# #5 is an AL 8



## jekilpat (Dec 1, 2016)

Been out of the loop for a while.  The power company has long outages in the spring and fall, requiring us to work every day.  Soon as that was over it was straight into rut hunting, trying to kill something good with this recurve.  I had seen a few good ones in range, but just couldn't get the right angles, etc. (such a world of difference between compound and traditional hunting, but I can't envision ever going back to the wheels).  After getting in some good, but empty handed rut hunts, I decided to change things up for a morning and hunt some white oaks next to a clearcut on a piece of property that the rut hasn't started on yet in AL near my house.  The pics I had were mostly morning feeding, stopping by for a meal before going to bed I'm guessing.  I had only seen one little cowhorn by 0830 and was rethinking my decision when I heard the distinctive sound of heavy, deliberate walking - the kind when you KNOW it's a buck.  Sure enough he comes walking in from behind my stand and hops a ditch right next to me to start feeding under the white oaks.  After waiting for several minutes for him to get turned broadside and turn his head away, I finally got the opportunity to draw.  Even at 15 yards he heard me drawing the arrow over the felt and snapped his head around.  I just stayed focused on the crease and continued my draw sequence.
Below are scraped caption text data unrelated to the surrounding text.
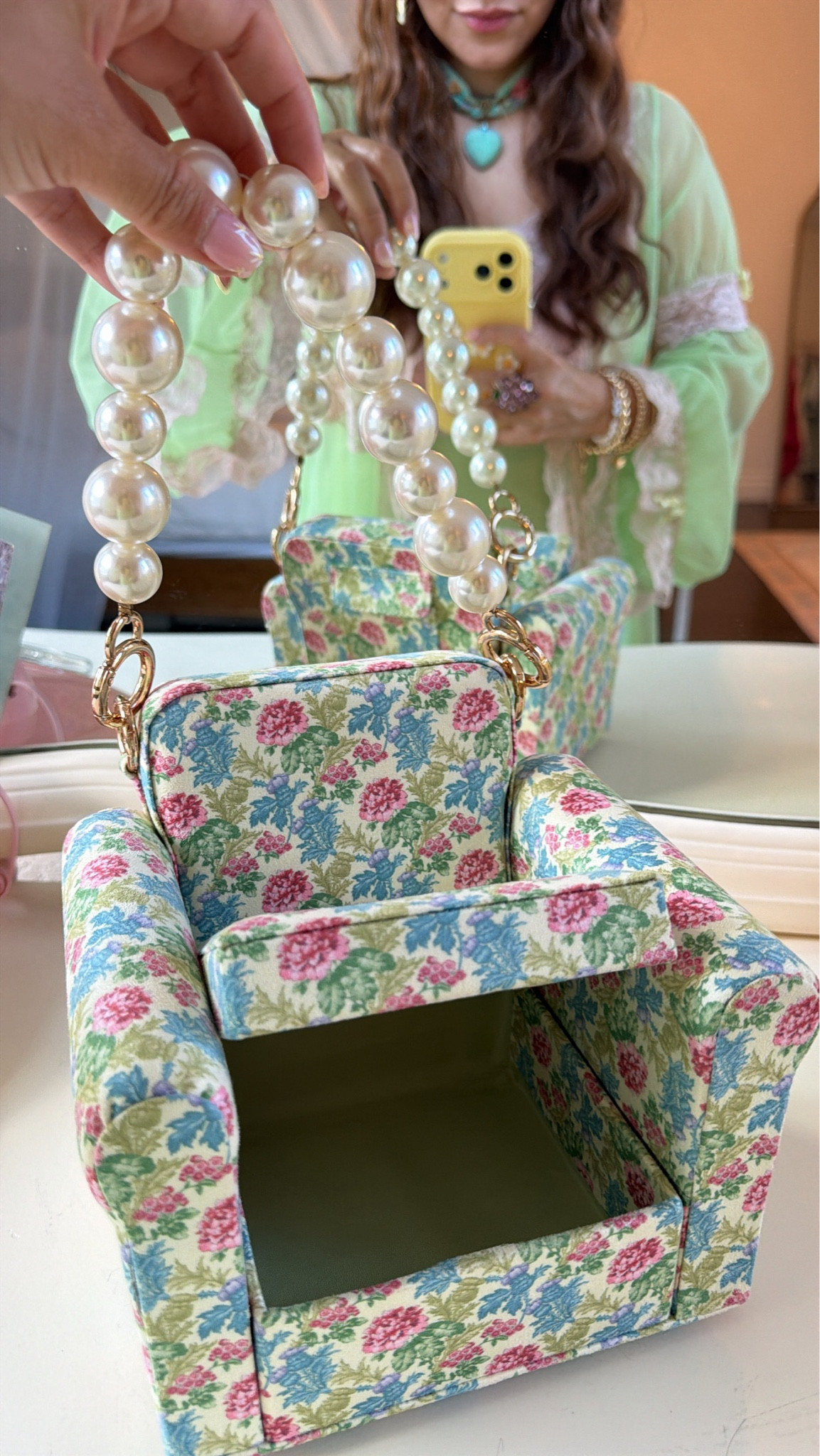 This purse is actually insane! 🩷🩷🩷

#LTKmomlife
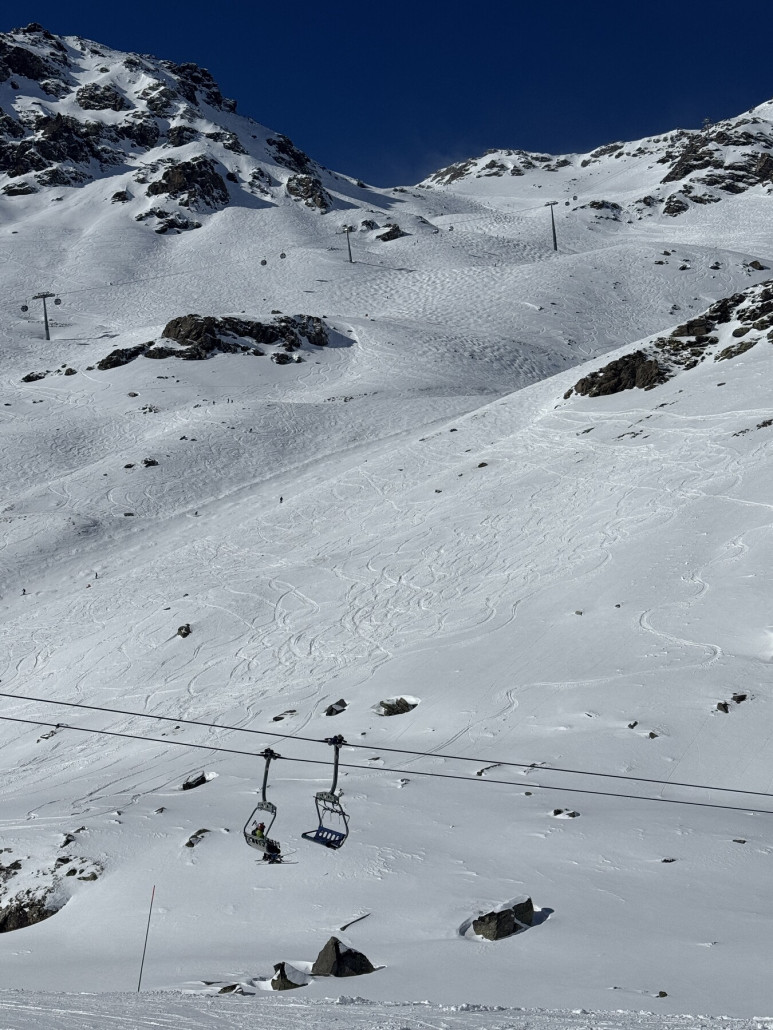 Blick zur Abfahrt Combe de Rosael, eine Steile Buckelpiste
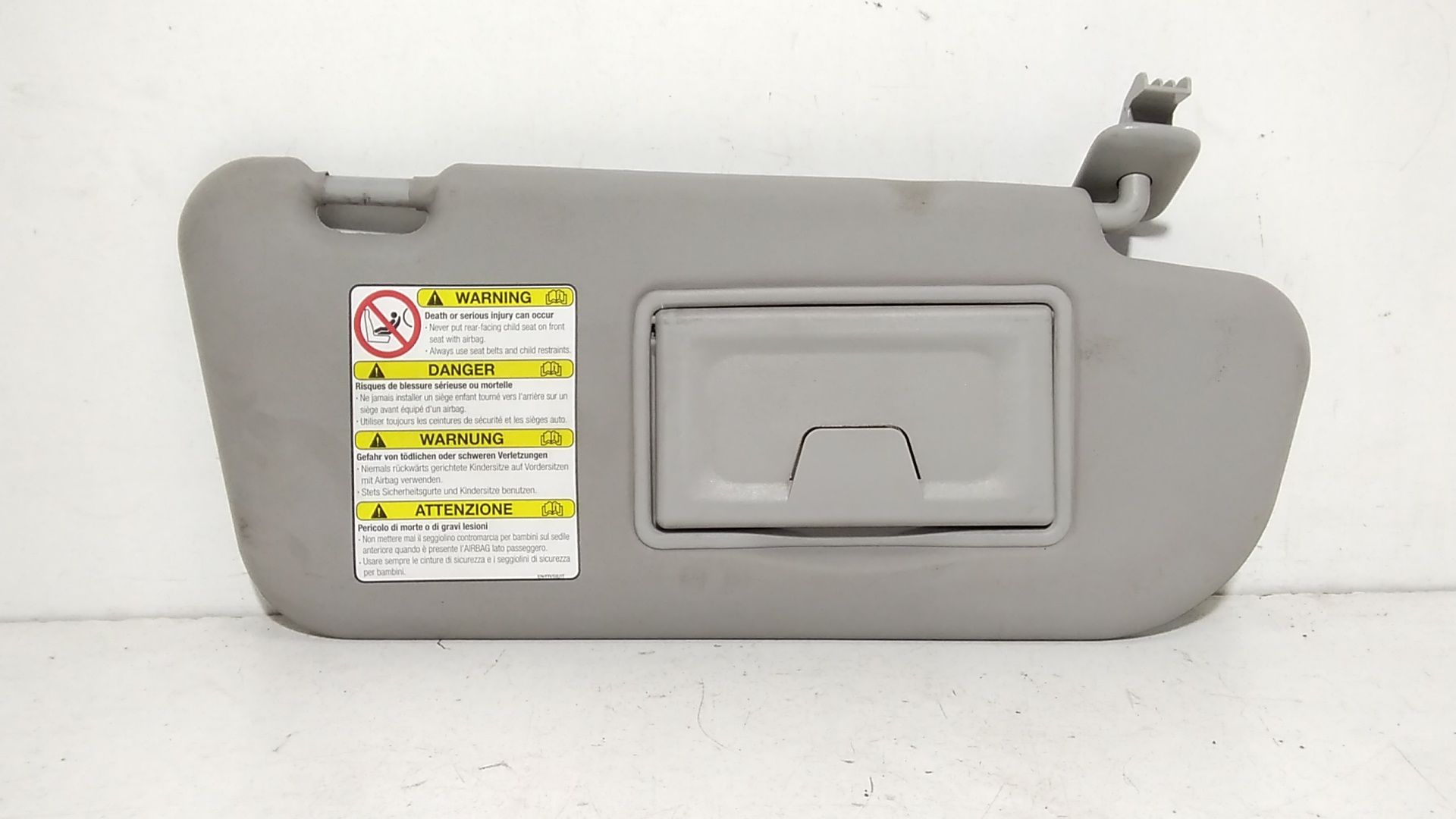 Aletta Parasole Parabrezza Destro BR5S6927030 Usato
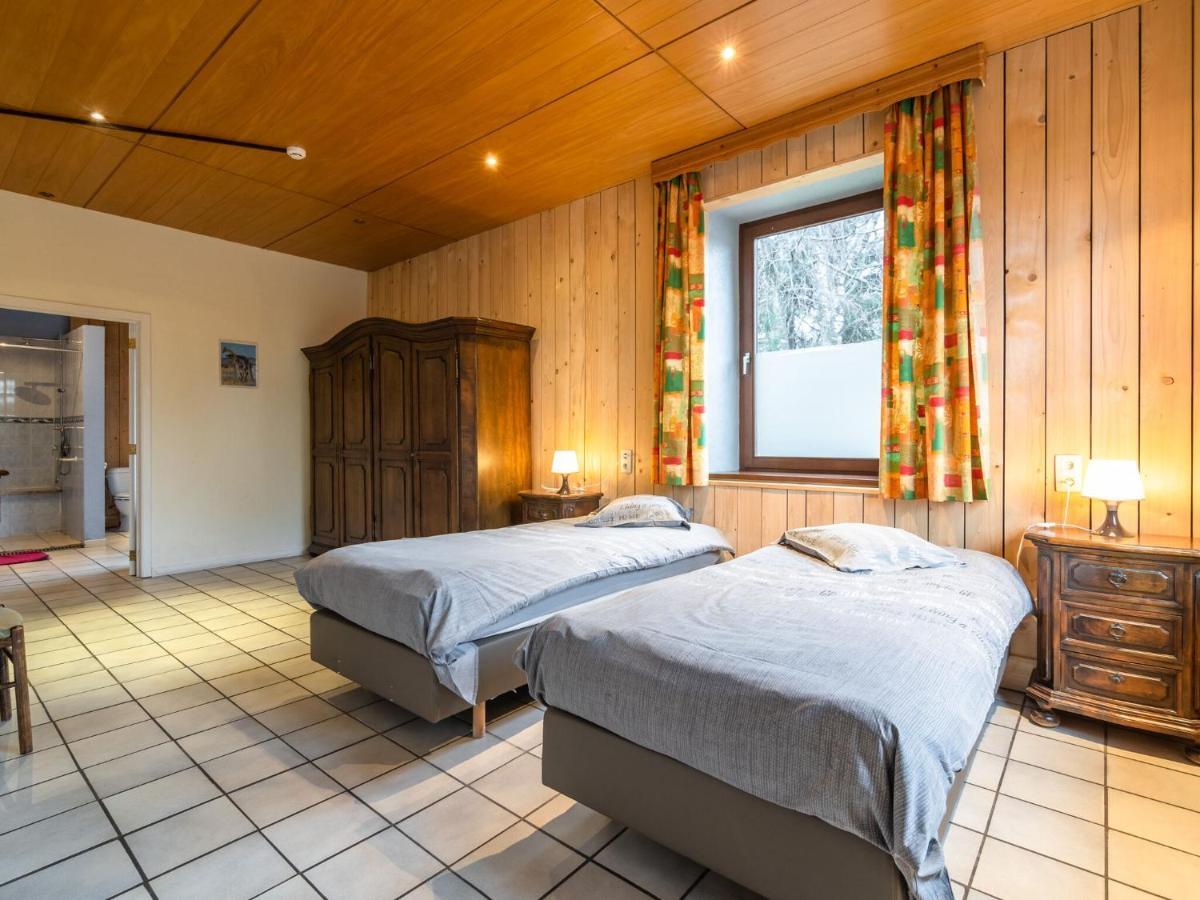 Modern Holiday Home In Sourbrodt With Private Pool Вем Екстериор снимка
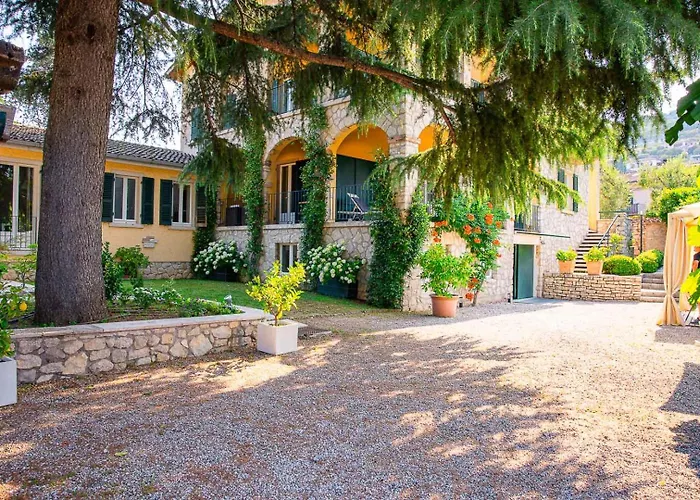 Residenza Le Logge Aparthotel Torri Del Benaco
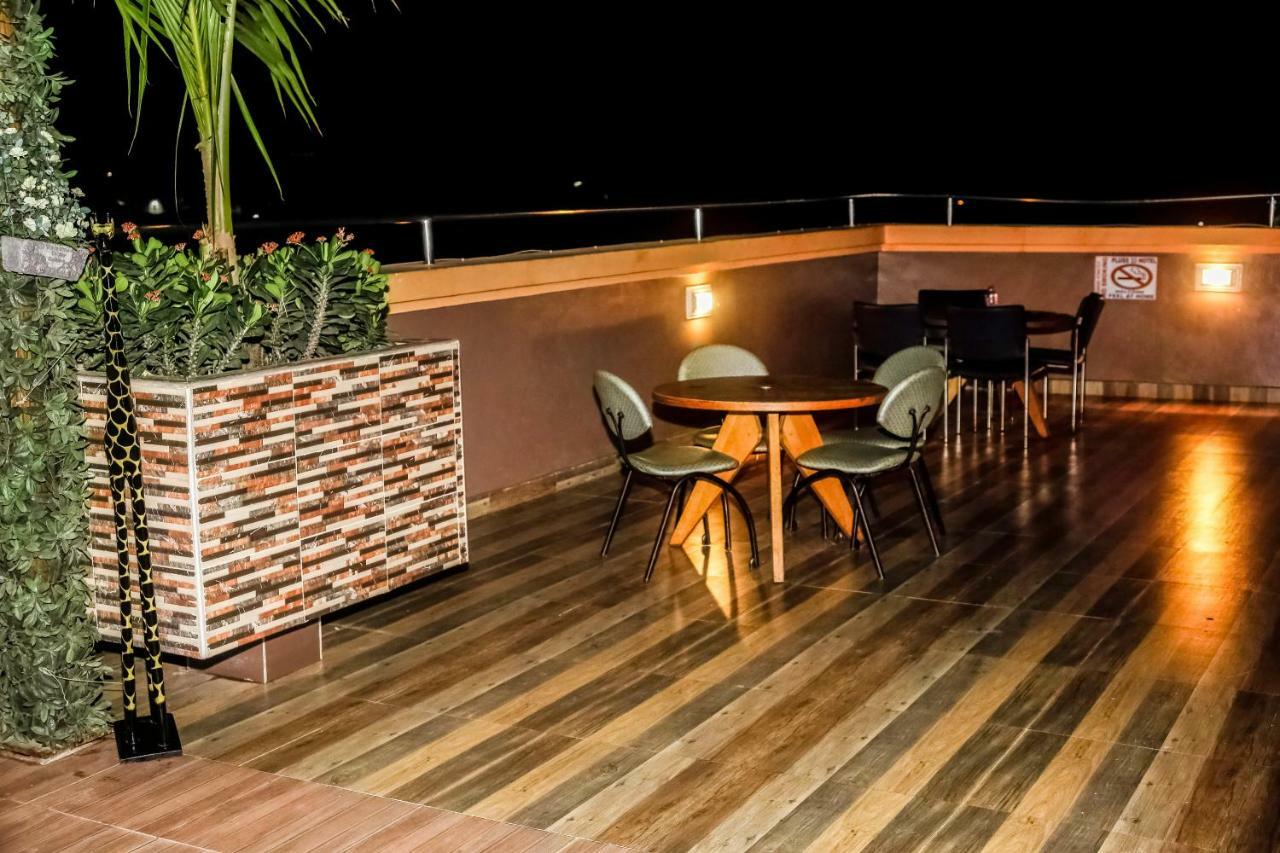 Plus 33 Hotel Nungua Екстериор снимка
I finished my sequence and he still hadn't boogered, so I dropped the string and watched the feathers disappear exactly where I was looking.  That never gets old - what an awesome feeling.  He donkey kicks, runs about 50 yards and piles up in sight.  The Tiger Shark tipped arrow was sticking in the ground about 4 inches with the fluorescent yellow feathers now bright red.  As it turns out I had his picture at another location that wasn't huntable due to the wind direction.  Sometimes you just get lucky.  Sorry for the long post, but it was an exciting hunt.


----------



## dm/wolfskin (Dec 1, 2016)




----------



## Woodsman8 (Dec 1, 2016)

Congrats man! Great shot!


----------



## bowhunterdavid (Dec 1, 2016)

Oh yea, congrats.


----------



## tee p (Dec 1, 2016)

very nice!


----------



## Duff (Dec 1, 2016)

Awesome!! Great shot!!!!


----------



## robert carter (Dec 1, 2016)

Good one !!!RC


----------



## EJC (Dec 1, 2016)

Awsome! Your having a great year.


----------



## Barry Duggan (Dec 1, 2016)

Excellent, fine shot on a mighty fine deer.


----------



## Stump Shooter (Dec 2, 2016)

Good Deer, Shot, And Year Congrats!


----------



## Mudfeather (Dec 2, 2016)

Super sweet


----------



## John Cooper (Dec 2, 2016)

Mighty fine!


----------



## Barebowyer (Dec 2, 2016)

Well done!  Congrats!!!!


----------



## AllAmerican (Dec 2, 2016)

That's a good memory made right there, great shot, long live the beast!


----------



## sawtooth (Dec 3, 2016)

That is a great buck man! It looks like you let him hold it! Congratulations!


----------



## Knee Deep (Dec 3, 2016)

That's a nice one there. Congrats


----------



## Clipper (Dec 4, 2016)

You don't have to apologize for long posts like that on this site.  Great story, magnificent deer!


----------



## GrayG (Dec 5, 2016)

Fine deer and shot! Congrats


----------



## Al33 (Dec 7, 2016)

That's a goodun for sure!!!! Congratulations!!


----------